A podcast can refer to a single recording (an episode) or to a collection of episodes (a channel). A channel can be associated to a specific person, but usually is specific to a topic, and can have multiple people producing episodes for the channel.
History
The concept of podcasting was proposed by Tristan Louis in October, 2000 and then it was carried out by Dave Winer, the author of the RSS format. Winer defined a new element called enclosure which passed the address of a media file to the RSS aggregator and then, he succeeded in enclosing a Grateful Dead song in his weblog on January, 2001. As What is Podcasting points out, Winer created the RSS 2.0 specification which is used to give information about podcasts. RSS is an XML format which is used to identify the channels of information which contain audio, video, images, text, PDF or stories. Rss files are usually used to see metainformation about content and generally contain the URL references to web content. So it is possible to use RSS files to give information in XML format.

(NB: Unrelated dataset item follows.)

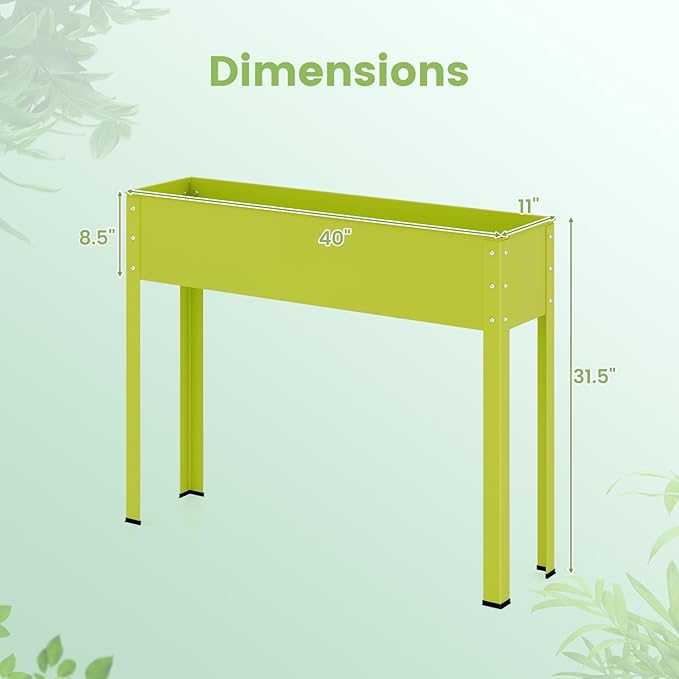 Giantex Raised Garden Bed Metal Planter Box with Legs Drain Hole Outdoor Indoor Elevated Garden Box for Vegetable Flower Herb Fruit Standing Raised Beds for Backyard Porch Balcony Green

The term podcasting was popularized by Adam Curry who created an Applescript application. It allows you to automate the process of downloading and syncing audio files to iPods. In 2003 podcasts started to appear on lots of web sites and other software.
Podcasting was considered the 2005 word of the year by New Oxford American Dictionary which defines the term as "a digital recording of a radio broadcast or similar program, made available on the internet for downloading to a personal audio player".

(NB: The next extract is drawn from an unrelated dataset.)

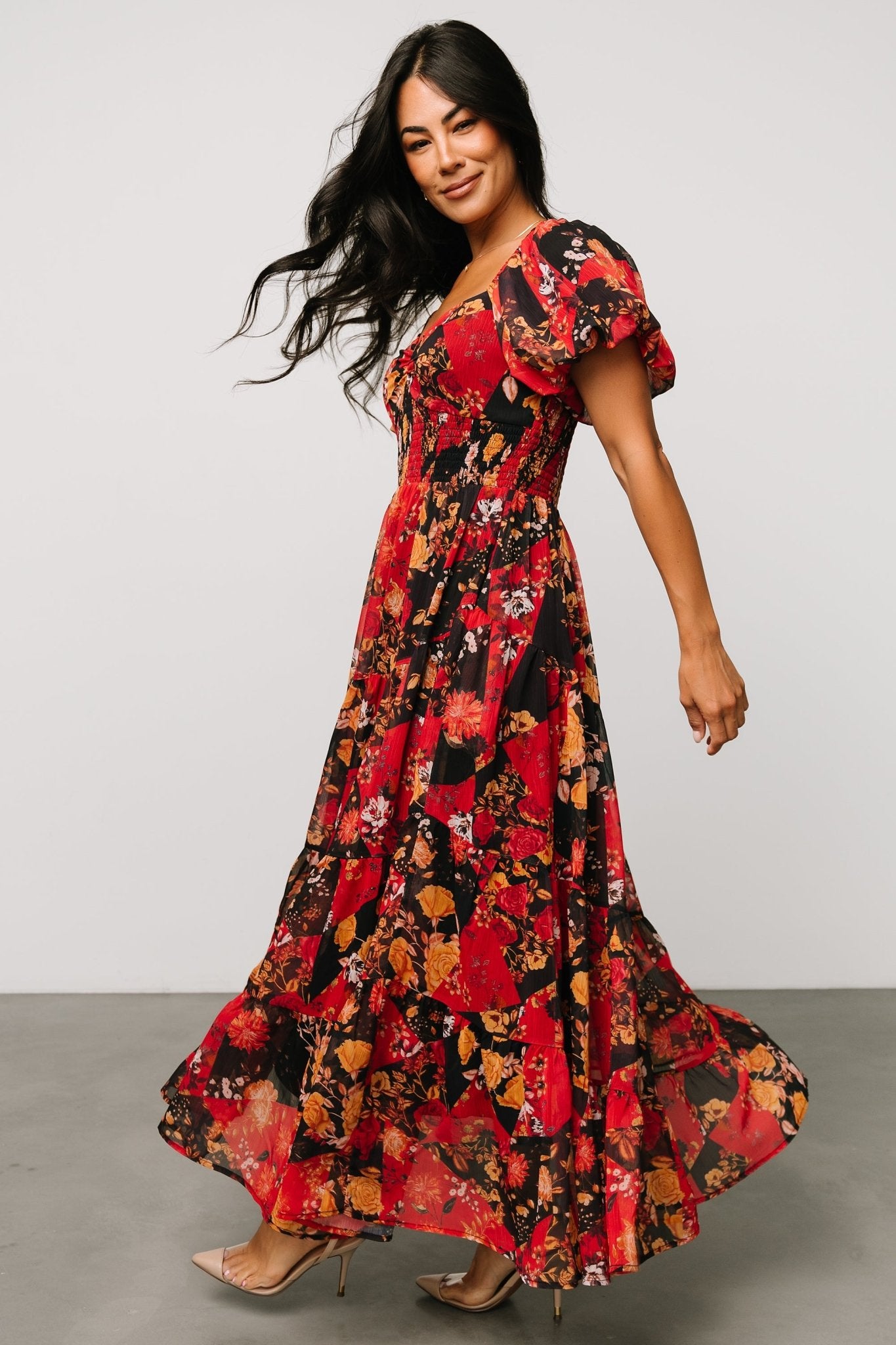 Suzy Maxi Dress | Black + Red Multi Sale 100% Guaranteed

Nowadays Podcasting is considered an important tool which allows students to use technologies based on entertaiment systems such as portable audio players (e.g. an iPod) for educational experiences.
Podcasting quickstart how-to
Step 1: Record your first podcast episode.
Create your recording using a recording application. An excellent open-source free cross platform recording and sound editing application is Audacity. Some podcasting services also offer simple recording applications (See list below).
For some more beginner tips:
- Podcasting for Beginners: The Complete Guide to Getting Started With Podcasts by Kevan Lee: has some good tips for beginners on structuring podcast episodes.
- How to Start Your Own Podcast by Patrick Allan and Emily Long: some technical tips and how to use Audacity.
Step 2: Find a hosting service
A hosting service keeps your recordings on a server. When you sign up you will create a first channel which will contain your collection of recordings often called podcast episodes. The hosting service often offers options to get your podcast listed in other podcast services known also as podcast directories (Apple, Spotify, Soundcloud, etc.) through an RSS feed. This RSS URL can also be shared and used by people to subscribe to your channel or listen to a particular episode on a podcast player of their choice (see list below). Some hosting services also offer a player.
Create an RSS feed for your podcasts
If you upload your files to a hosting site like Podomatic (list gives free options for each, though you can pay for more features)
- Podomatic : hosting + recording - 500MB storage
- Spreaker : hosting + recorder app + player free - 10 episodes maximum
- Podbean : hosting + recorder app + player - 5 hours, 100GB/month
- Anchor : from Spotify music platform: free with Spotify listing (and ads)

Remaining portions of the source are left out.